‘A Little Brown Sea’ longlisted for the Runciman Award

Delighted that my very strange novel about Greece, Greekness, and the long reach of Poseidon has been long-listed for the Anglo-Hellenic League’s Runciman Award.

Some kind things people have said about it:

Brilliantly original-  a strange and elegant triumph.

Evie Wyld

Because the story of a life is the story of the lives that intersect with it, A Little Brown Sea broadens the scope of the novel to encompass the beings with which we share this planet and without which we cannot be fully ourselves.

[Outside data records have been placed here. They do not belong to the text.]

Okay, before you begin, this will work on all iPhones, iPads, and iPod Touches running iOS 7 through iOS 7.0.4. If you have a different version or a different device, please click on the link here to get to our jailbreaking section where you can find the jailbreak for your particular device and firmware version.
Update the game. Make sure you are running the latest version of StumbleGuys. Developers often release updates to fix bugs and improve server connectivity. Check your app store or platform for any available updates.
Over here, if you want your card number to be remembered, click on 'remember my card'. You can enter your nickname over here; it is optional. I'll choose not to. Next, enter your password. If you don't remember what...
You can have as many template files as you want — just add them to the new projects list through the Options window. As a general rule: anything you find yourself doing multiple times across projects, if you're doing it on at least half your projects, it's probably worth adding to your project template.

Charles Foster, working out in fiction the concerns that inform his remarkable non-fiction, combines here the curiosity of the scientist with the heart of a storyteller. I loved this aphoristic, argumentative and form-stretching novel, and hope others will let it mess with their heads.

Gregory Norminton

The fragmented polyphony of Charles Foster’s astonishingly ambitious and highly experimental debut novel, A Little Brown Sea, expresses the essential tohuwabohu of the human condition and provides a vehicle for the exploration of ‘ultimate questions’ of meaning and purpose, particularly in relation to the human encounter with self and the natural world.  The maverick spirit and boundary-breaking hybridity of the novel reflects similar qualities in Foster’s celebrated philosophical enquiries Being a Beast and Being a Human, confirming him as one of the most singular and important—both playful and profound—voices of our time.